■ Task objective:
The reply to the records below should contain exactly the lines from the line with "Van Cleef Arpels" through the line with "Union-Castle Line R.M.S.", and nothing besides.

■ Material provided:
-------

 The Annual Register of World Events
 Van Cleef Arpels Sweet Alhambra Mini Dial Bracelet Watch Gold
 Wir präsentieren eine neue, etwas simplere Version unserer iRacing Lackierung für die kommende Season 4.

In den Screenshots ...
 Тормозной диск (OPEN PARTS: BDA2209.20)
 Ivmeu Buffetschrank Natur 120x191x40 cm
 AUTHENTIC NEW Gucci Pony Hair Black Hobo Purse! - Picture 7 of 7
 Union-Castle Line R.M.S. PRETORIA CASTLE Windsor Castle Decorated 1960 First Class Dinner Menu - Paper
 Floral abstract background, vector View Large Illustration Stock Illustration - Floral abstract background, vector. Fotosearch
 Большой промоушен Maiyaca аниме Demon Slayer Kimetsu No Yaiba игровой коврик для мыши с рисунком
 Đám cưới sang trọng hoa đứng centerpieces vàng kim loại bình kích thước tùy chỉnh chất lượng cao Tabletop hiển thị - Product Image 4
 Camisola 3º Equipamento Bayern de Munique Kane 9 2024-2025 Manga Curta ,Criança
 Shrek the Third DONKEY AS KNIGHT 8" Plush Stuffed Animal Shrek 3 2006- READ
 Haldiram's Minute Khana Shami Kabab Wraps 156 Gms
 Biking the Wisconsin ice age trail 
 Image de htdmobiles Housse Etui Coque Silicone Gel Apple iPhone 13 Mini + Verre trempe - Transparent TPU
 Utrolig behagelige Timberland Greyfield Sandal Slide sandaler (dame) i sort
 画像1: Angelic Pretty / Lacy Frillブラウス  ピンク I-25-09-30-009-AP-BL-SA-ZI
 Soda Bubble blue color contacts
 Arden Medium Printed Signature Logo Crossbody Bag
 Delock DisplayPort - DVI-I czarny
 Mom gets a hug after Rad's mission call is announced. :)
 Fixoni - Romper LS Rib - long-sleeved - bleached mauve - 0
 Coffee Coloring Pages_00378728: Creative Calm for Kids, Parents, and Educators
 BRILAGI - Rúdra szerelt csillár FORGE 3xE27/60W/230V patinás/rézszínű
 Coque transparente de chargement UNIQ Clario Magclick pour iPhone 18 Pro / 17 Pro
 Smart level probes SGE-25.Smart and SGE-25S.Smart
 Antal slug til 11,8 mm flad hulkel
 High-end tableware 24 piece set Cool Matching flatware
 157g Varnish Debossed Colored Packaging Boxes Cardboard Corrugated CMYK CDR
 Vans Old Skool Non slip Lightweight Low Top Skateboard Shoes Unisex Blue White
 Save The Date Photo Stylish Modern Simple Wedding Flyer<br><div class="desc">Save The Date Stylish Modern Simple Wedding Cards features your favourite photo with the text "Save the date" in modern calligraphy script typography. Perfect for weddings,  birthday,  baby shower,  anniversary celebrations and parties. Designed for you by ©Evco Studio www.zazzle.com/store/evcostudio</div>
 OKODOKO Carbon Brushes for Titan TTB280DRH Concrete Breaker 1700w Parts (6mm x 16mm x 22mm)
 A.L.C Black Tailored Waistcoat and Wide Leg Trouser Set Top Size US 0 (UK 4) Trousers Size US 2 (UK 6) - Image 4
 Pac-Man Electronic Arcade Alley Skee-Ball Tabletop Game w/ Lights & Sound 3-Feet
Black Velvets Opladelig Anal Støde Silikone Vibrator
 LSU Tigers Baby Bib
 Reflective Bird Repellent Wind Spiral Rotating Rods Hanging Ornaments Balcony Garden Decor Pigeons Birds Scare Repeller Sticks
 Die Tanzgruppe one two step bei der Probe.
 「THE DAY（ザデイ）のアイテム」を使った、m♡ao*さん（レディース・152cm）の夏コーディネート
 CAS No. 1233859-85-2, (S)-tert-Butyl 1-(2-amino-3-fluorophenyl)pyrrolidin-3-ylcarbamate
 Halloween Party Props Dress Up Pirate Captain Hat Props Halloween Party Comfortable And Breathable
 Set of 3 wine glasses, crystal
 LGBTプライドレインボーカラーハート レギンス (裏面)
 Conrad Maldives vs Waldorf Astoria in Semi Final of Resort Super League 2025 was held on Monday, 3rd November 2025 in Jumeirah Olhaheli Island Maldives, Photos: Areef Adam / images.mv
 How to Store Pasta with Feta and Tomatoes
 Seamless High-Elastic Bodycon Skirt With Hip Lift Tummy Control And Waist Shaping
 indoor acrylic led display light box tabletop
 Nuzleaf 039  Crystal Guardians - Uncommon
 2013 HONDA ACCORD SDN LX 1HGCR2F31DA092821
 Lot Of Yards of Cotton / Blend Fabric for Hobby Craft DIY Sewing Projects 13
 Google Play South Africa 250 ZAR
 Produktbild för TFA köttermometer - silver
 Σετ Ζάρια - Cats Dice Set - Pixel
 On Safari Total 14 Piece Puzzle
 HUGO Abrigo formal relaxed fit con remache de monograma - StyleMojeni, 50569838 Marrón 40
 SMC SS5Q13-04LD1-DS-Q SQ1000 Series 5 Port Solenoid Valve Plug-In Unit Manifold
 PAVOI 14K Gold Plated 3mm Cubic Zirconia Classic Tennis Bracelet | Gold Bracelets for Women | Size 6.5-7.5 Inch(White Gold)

-------

■ Result of this task:
 Van Cleef Arpels Sweet Alhambra Mini Dial Bracelet Watch Gold
 Wir präsentieren eine neue, etwas simplere Version unserer iRacing Lackierung für die kommende Season 4.

In den Screenshots ...
 Тормозной диск (OPEN PARTS: BDA2209.20)
 Ivmeu Buffetschrank Natur 120x191x40 cm
 AUTHENTIC NEW Gucci Pony Hair Black Hobo Purse! - Picture 7 of 7
 Union-Castle Line R.M.S. PRETORIA CASTLE Windsor Castle Decorated 1960 First Class Dinner Menu - Paper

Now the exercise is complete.